In THE FANATIC, Moose (John Travolta), a horror movie fan with autism, idolizes actor Hunter Dunbar (Devon Sawa). Moose earns money by portraying an English bobby on Hollywood Blvd. and spends all his money at a movie memorabilia shop. One night, Moose's friend Leah (Ana Golja) helps him crash a party that Hunter is supposed to be attending -- but the actor is a no-show, and Moose is rudely ejected. Then, when Hunter appears for a book signing at the memorabilia shop, he proceeds to exit out the back, for personal reasons, just as Moose's turn comes. Leah shows Moose an app that locates stars' homes, and Moose starts secretly hanging out at Hunter's house, hoping to score some autographs and get closer to his idol. But when Moose is discovered and rebuffed, it sets off a chain of violence that changes everything.

Is it any good?

Travolta throws his whole being into an extreme, torrential performance that's difficult to dismiss, but it's unfortunately at the service of a shockingly mean, ugly, shallow movie. Directed and co-written by Fred Durst (the front man for the band Limp Bizkit), The Fanatic feels like a poisonous form of revenge against any overzealous fans who may have once crossed Durst's path. And rather than actually taking the time to explore the fan-celebrity relationship, to perhaps look into an emotional void and find some understanding for it, The Fanatic simply attacks both sides of the equation while teetering on the edge of offensiveness in its portrayal of someone with autism.

Moose is depicted as childlike but also invasive, an annoyance, and capable of striking out. Yet -- despite Travolta's intense labors in the role -- none of these things is reconciled into an actual character. Durst seems to have more sympathy for Hunter; the character is shown to be a good father to his young son (except when he plays a Limp Bizkit song for him), although he's also selfish, entitled, and volatile. Both men pay a price for their encounter, and neither comes away having learned anything or benefited in any way.
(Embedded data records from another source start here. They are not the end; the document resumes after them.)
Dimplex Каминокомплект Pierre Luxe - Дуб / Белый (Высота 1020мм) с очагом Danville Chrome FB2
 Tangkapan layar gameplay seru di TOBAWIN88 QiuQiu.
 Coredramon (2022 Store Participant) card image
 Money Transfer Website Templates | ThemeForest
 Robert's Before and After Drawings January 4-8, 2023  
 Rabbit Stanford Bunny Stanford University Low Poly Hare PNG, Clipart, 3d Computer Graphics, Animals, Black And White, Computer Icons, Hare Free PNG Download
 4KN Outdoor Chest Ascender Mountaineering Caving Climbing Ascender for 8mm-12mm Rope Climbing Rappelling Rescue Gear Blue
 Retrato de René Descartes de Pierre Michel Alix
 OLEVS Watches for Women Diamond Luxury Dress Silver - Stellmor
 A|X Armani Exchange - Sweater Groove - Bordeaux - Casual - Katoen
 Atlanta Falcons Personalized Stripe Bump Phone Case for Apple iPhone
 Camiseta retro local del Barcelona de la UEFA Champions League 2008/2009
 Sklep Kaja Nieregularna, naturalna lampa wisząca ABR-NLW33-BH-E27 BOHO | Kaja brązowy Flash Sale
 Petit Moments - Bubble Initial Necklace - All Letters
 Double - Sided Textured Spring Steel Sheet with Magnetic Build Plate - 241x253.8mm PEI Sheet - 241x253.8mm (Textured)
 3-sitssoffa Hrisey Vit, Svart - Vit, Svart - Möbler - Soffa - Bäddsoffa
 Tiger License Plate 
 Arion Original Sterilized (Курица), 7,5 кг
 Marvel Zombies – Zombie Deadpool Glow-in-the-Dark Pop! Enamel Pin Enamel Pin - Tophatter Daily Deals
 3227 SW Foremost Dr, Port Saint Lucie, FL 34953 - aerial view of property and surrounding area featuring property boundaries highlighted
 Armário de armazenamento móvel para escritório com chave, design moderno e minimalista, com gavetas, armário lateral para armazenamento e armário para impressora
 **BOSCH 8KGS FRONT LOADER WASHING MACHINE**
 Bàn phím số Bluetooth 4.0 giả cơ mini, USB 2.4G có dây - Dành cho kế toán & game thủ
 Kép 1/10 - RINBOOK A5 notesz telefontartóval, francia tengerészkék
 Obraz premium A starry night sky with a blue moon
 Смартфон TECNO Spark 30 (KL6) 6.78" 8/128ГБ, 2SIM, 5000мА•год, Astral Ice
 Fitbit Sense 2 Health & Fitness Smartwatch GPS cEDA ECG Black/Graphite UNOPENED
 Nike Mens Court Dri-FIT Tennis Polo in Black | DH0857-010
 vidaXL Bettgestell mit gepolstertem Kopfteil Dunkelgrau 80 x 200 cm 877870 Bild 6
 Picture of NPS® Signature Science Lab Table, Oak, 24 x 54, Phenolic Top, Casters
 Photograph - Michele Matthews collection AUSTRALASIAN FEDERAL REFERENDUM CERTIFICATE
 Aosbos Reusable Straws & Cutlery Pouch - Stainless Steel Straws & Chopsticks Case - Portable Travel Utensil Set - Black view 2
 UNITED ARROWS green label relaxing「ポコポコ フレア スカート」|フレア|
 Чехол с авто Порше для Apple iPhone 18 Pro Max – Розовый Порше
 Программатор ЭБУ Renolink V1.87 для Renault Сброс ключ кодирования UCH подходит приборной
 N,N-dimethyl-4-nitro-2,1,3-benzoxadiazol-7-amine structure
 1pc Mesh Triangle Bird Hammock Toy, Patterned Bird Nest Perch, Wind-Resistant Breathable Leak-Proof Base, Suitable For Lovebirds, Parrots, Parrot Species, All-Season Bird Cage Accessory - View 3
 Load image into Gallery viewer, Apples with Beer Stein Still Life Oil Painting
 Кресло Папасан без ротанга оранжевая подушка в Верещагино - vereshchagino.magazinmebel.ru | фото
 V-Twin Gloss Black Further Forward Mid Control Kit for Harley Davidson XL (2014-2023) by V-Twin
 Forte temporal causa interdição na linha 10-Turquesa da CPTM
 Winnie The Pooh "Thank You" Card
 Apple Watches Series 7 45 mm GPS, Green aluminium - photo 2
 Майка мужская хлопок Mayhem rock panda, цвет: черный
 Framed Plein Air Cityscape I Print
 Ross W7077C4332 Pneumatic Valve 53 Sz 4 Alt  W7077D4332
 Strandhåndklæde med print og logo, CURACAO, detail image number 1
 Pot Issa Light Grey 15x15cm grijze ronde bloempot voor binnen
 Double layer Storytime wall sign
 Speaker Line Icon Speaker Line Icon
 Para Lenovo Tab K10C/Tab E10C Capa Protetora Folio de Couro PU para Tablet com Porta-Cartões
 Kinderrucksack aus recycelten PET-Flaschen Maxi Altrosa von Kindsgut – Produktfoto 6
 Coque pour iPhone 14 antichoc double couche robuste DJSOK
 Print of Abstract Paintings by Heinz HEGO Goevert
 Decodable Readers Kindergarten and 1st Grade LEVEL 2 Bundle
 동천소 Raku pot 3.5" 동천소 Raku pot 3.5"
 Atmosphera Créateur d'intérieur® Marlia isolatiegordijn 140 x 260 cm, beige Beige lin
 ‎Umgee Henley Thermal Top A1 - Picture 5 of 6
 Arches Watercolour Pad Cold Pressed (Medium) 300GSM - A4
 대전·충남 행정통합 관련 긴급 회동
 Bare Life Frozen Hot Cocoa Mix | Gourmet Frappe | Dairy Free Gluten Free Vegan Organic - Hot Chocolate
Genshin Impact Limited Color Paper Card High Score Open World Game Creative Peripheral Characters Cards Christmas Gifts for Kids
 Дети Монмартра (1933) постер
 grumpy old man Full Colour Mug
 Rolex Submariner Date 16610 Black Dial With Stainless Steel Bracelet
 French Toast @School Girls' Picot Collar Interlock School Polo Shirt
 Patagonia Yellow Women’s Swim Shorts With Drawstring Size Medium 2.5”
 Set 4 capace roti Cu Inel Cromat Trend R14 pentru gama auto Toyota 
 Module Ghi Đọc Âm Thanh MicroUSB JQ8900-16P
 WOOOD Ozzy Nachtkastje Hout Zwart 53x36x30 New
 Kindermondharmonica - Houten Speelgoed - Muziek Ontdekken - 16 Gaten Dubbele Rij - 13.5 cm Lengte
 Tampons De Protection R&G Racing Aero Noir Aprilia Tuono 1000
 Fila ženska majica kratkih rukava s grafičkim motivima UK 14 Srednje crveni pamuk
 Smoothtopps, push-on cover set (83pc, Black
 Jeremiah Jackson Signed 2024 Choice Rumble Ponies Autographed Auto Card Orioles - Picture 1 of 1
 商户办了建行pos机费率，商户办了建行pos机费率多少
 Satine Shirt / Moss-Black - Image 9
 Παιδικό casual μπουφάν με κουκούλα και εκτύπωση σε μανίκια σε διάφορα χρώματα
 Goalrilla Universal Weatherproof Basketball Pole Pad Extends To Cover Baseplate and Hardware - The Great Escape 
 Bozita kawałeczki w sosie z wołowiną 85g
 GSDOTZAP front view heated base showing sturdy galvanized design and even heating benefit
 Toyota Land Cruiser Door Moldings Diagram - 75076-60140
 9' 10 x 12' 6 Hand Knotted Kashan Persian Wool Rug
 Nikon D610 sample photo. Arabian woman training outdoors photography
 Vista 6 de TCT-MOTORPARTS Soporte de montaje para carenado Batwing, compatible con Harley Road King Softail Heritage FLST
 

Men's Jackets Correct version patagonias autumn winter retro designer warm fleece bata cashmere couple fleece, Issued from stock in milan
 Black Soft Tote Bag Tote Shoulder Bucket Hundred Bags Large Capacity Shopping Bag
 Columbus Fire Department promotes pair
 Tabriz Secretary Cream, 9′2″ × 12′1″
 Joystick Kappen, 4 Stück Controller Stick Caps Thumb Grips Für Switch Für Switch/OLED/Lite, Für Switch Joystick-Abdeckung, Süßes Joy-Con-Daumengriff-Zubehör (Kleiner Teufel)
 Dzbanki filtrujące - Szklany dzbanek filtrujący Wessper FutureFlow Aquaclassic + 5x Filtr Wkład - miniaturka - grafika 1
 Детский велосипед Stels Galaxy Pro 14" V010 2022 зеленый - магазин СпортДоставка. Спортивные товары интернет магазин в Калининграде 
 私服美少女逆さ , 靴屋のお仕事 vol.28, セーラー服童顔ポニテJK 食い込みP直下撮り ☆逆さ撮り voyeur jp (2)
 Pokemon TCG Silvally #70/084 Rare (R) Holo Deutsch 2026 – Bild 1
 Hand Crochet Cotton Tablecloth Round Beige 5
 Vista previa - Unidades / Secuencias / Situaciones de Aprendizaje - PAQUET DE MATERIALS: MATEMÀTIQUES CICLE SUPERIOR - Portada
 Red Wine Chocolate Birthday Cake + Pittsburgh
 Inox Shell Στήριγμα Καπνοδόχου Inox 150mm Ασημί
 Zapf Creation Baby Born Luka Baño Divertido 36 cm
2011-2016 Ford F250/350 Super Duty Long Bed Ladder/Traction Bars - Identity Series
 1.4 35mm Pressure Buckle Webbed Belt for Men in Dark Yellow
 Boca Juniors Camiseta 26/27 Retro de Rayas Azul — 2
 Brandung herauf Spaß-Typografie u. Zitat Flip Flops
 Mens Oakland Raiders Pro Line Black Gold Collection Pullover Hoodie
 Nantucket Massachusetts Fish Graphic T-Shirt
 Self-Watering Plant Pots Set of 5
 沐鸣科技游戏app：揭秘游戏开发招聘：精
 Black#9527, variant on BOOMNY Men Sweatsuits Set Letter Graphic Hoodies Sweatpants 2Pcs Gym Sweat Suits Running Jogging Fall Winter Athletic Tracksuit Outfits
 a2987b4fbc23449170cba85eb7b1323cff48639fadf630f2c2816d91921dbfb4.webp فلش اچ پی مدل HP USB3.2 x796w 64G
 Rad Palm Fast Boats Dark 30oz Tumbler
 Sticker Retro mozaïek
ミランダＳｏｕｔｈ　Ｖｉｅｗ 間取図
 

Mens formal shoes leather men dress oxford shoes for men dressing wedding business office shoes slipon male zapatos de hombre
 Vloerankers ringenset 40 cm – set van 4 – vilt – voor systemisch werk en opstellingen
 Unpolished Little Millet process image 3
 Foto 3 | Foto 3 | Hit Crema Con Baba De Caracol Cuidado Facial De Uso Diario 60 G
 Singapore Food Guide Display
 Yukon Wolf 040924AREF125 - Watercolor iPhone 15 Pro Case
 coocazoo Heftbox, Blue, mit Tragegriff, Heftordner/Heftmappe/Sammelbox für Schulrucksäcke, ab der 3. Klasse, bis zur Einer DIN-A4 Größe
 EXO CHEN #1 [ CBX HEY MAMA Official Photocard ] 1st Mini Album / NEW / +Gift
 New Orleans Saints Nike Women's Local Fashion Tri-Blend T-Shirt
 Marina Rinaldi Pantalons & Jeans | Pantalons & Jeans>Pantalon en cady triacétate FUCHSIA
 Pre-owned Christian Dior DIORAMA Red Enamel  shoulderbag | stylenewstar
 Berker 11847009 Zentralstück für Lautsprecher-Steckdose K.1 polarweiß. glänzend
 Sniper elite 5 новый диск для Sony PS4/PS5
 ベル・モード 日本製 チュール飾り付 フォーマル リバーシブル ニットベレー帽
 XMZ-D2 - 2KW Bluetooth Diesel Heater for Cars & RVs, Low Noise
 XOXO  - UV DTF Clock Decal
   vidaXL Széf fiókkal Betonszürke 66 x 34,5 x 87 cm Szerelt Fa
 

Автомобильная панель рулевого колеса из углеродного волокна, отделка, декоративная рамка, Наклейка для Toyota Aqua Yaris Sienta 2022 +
Then there's Leah, whose presence isn't explained (and neither is her out-of-place voice-over narration). The Fanatic is a pointless sketch, stretched out to feature length with sheer anger and nastiness.

Talk to your kids about ...

  • Families can talk about The Fanatic's violence. How strong/intense is it? How did it make you feel? How did the filmmakers achieve this effect? What's the impact of media violence on kids?

  • What is the movie trying to say about fandom? Have you ever been a big fan of someone famous? Have you ever met a celebrity? What was it like?

  • How does the movie depict autism and those who have it? Does it seem accurate? Respectful? Can you think of other movies that have taken a different approach? Is it OK for actors without autism to portray those with it?

  • What's the appeal of thrillers? Why do we sometimes like to be scared?